Ruling party powerbroker Ichiro Ozawa pledged bold steps on Thursday to fix Japan's flagging economy if he becomes premier, floating tax cuts and threatening to intervene in currency markets to curb the yen's rapid rise.

Ozawa would likely become prime minister if he defeats Prime Minister Naoto Kan in a September 14 Democratic Party of Japan (DPJ) leadership vote, but the outcome is too close to call. He heads the biggest group of DPJ lawmakers but his scandal-tainted image puts off the public and could affect the vote.

The battle in the party, which swept to power a year ago, underscores a rift that could derail Kan's efforts to curb a public debt already twice the size of the $5 trillion economy.

I think we need to transform the economy into one that does not rely on external demand, Ozawa said in a televised debate with Kan.

Ozawa, a critic of Kan for floating a possible rise in the 5 percent sales tax before a July upper house election that cost the ruling bloc its majority in the chamber, said he had plans for big cuts in income and residential taxes and stressed the need to cut wasteful spending. He did not elaborate.

Ozawa added he was not averse to debating the sales tax, but promised -- as Kan has also done -- not to raise the levy before a lower house election that must be held by late 2013.

I am thinking of big cuts for income tax and residential taxes ... I think it is fine to debate the tax system in general, including the sales tax, he said.

The sales tax is politically a highly sensitive issue in Japan. The last hike, from 3 to 5 percent in 1997, was widely blamed by voters for derailing a nascent economic recovery.


Ozawa's propensity for economic stimulus has been welcomed by some financial market players worried about Japan's faltering economy, but would also exacerbate concerns about mounting debt and so steepen the yield curve for Japanese government bonds.

He lacks a clear plan on how he will finance this, said Yasuo Yamamoto, a senior economist at Mizuho Research Institute, adding that stimulus could help but only if interest rates do not rise.

The party race coincides with a rise in the yen that threatens Japan's fragile recovery.
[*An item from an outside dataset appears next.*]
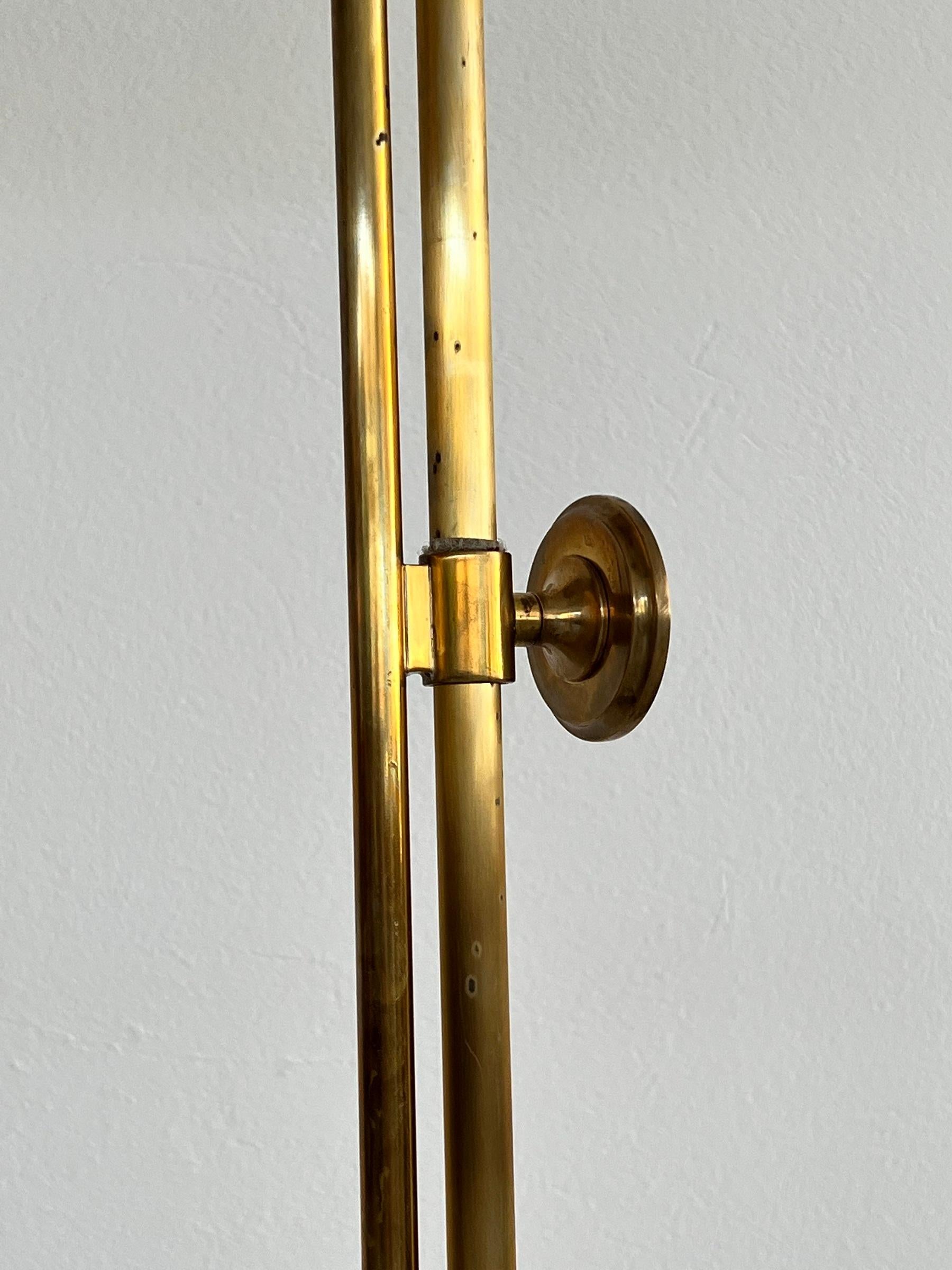 Late 20th Century Florian Schulz Mid-Century Adjustable Floor Lamp in Full Brass, 1970s For Sale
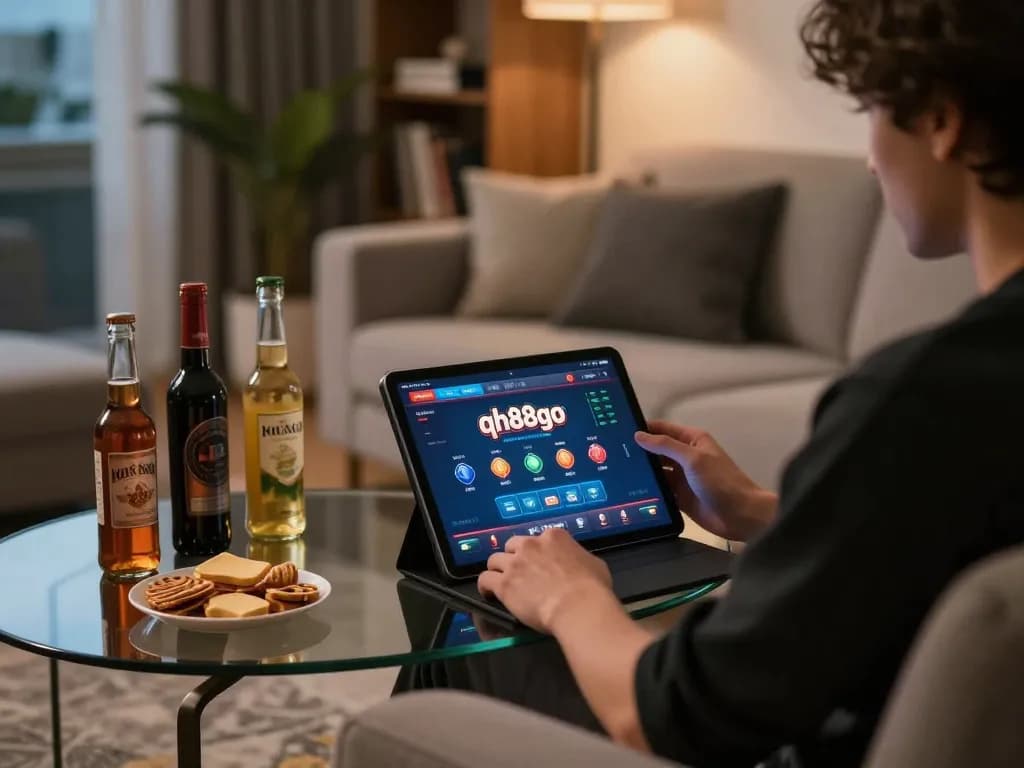 Engaging gameplay on qh88go's online casino at home with cozy ambiance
A Bank of Japan decision on Monday to boost a cheap loan scheme did little to weaken the currency, hovering near a 15-year high against the dollar.
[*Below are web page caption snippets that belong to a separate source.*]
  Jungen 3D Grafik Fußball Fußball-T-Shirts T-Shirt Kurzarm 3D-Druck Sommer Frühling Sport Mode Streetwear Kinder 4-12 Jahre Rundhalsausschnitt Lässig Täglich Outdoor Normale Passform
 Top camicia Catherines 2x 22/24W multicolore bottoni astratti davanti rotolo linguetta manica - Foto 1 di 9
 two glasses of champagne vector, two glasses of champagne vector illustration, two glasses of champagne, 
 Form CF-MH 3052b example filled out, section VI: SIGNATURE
Ozawa, repeating a stance in his policy platform issued on Wednesday, said Japan must be ready to intervene in currency markets to stem the yen's rise, even if it meant going it alone.
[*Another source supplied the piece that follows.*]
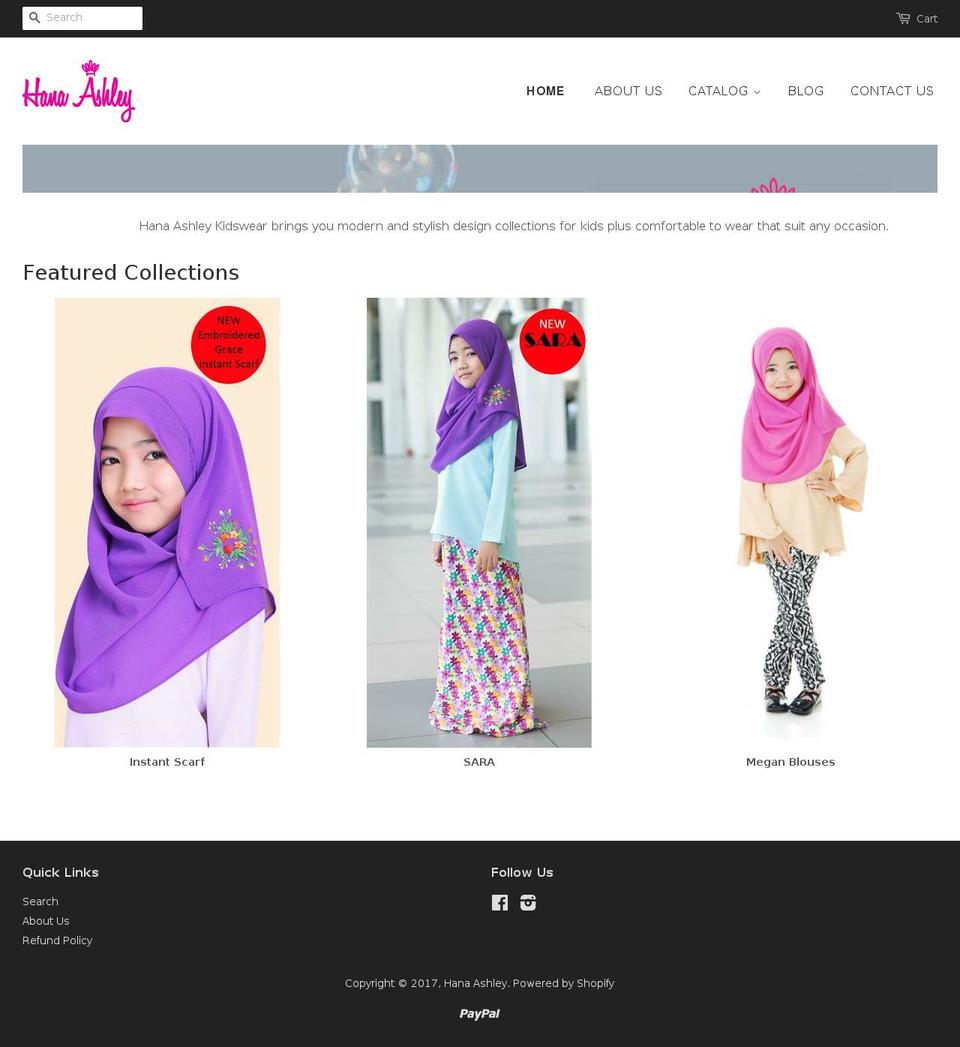 hanaashley.com shopify website screenshot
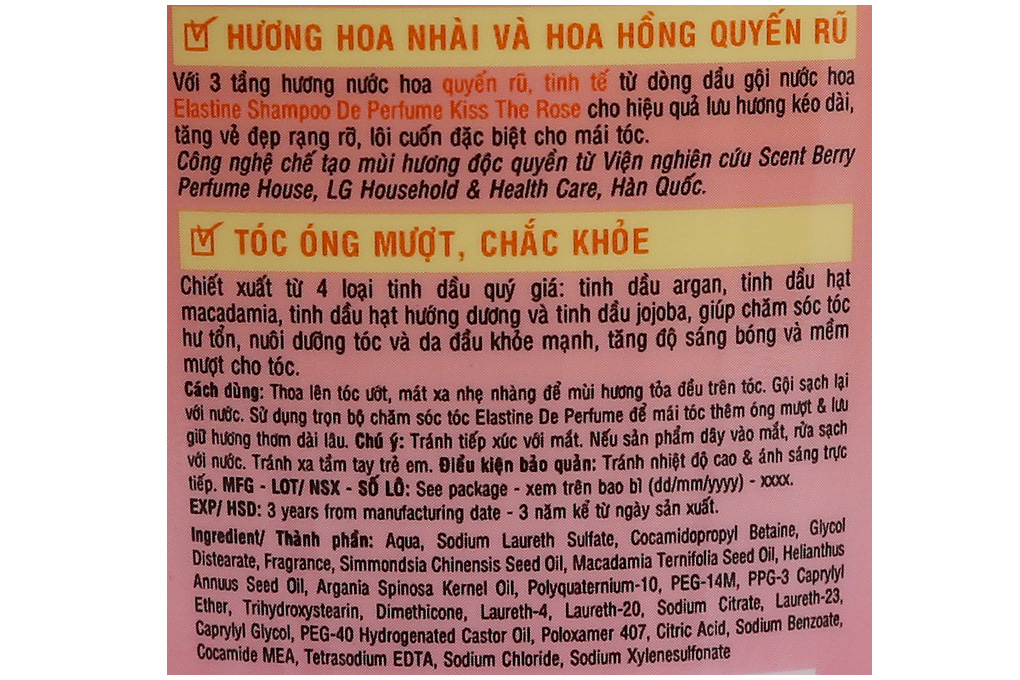 Dầu gội nước hoa Elastine Kiss The Rose hương hoa nhài & hoa hồng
Room for further monetary policy steps is limited, Ozawa said. With the global community tolerating a strong yen, it might be hard for solo currency intervention to have an effect. Still, the yen's rise has come to a level where we will need to act with such a determination.

Markets did not react much, and some analysts questioned whether he would talk as tough if he became prime minister.

Ozawa is now in a position outside the government so there is an element of him being able to say what he wants, said Osamu Takashima, chief FX strategist, Japan, for Citibank in Tokyo.

There is no telling if Ozawa will win, and even if he does, there is no guarantee that there will be a change in the foreign exchange policy (of the government), he added.

The DPJ swept to power a year ago for the first time promising change, but it has stumbled on economic and diplomatic fronts, struggling to craft a plan to end decades of stagnation and straining ties with key security ally the United States.

Ozawa said he would respect an existing deal with Washington over the relocation of a U.S. military base in southern Japan but wanted to renew discussions on how to win local support, a move that risks reviving a feud with Japan's closest ally.